JOHN: Well I'm the father of a lot of children, and the middle sixties I had some kids in college, and some at high school. so I had a very, a very direct and personal interest in long hair and tie-dyed shirts, and things of that kind. one of my kids announced that he was going to go and live in the woods, and you don't simply say to a son like that, no you can't. You say, well take the family tent, and I hope you're warm and dry, and who's going to fix your dinner - and those kinds of things. we got through that episode, and a bunch of other kinds of episodes. but it was a tough time to be a parent.

INT: Were there other manifestations of the generational war within your family?

JOHN: Yes, we had some drugs, we had some sexual liberation - not on a grand scale fortunately, but nevertheless something that my wife and I had to cope with; and it, we were not immune. when the demonstrations started over the war, I had anguished 'phone calls from college campuses from my kids, saying, you know, you're in the White House, and you're Henry Kissinger's friend, but my friends are all in the streets - and then what am I to do? A tough spot. I was fortunately in a position where I could take that youngster, and bring him home and sit him down with Henry Kissinger, and let Henry explain to him what the war was all about - and Henry was pretty good at that.

INT: How did Nixon re-establish himselfas a credible candidate for the 1968 campaign?

JOHN: He worked very hard in the out years, to become a creditor. He appeared at County Lincoln Day dinners, he appeared for congressiocandidates, he did political favors for people - he ran very hard. in this country, particularly since 1960, it's it takes a candidate about twelve years for him to establish himself in his party, and to win the primaries that he needs to win, to win the convention, and so on. And Richard Nix-, Richard Nixon worked very hard at that. I was in on the 1968 convention, at Miami Beach: we organized that, every detail dominated it, controlled it, froze out Nelson Rockefeller and Ronald Reagan, and won it on the first ballot - narrowly, but we won it, by superior organization and hard work.

INT: Part of that superior organization and hard work involved taking on board television, as a propaganda tool for the first time. Can you tell me about how that was done?

JOHN: We had a television consultant, who worked with us in planning the convention. he wrote, with our help, a script for that convention; and then he was in touch with all the networks - and in those days, unlike today, the networks gave you beginning to end coverage: so our man was on the 'phone to NBC saying, you'll want your cameras to be at entrance number three now, because members of the Nixon family are coming in; or you'll want your cameras to be out front because a limousine is going to pull up and a number of our supporters are going to get out and do something that'll be wonderful television.
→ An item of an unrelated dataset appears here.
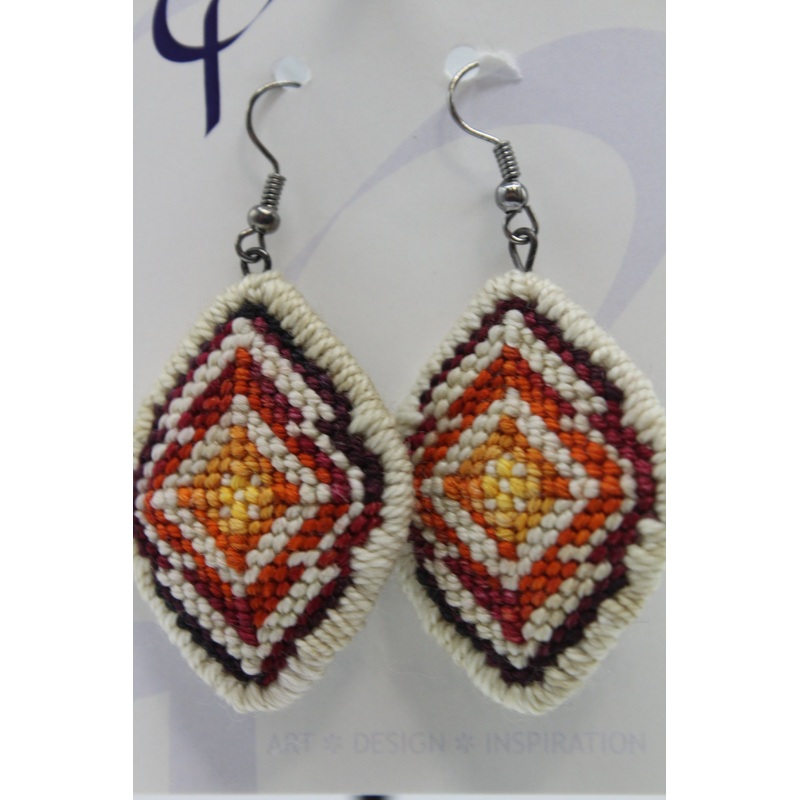 Earrings – Needlepoint  – Red Weed + Forget Me Not (J2308)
And we dominated the television coverage of that convention, by a lot of planning, and by very close liaison. it's a lost art at this point, because the networks have become disenchanted with that coverage, and they only show an hour or two. the parties don't have contested conventions, like they used to, so that's sort of by the boards; but at that time it was terribly important.

INT: How exactly did Nixon work out his campaign platform? What was it, and how has he evolved?

JOHN: Well, here here's a man that had been in politics for over twenty years; he had a position on the books - unfortunately every issue there was - so it was just a question of researching what he had said on a given subject, and going back and then asking him: is this still where you want to be on this? But it is true today, and it was true then, that the so-called platform of a political party in this country, is not terribly important. It's what the candidate is saying out there on the stump, and what he's saying on the television cameras for the evening news, and what's in the newspapers - that's sort of his living platform. The party platform is kind of very often a sort of dead hand of the past.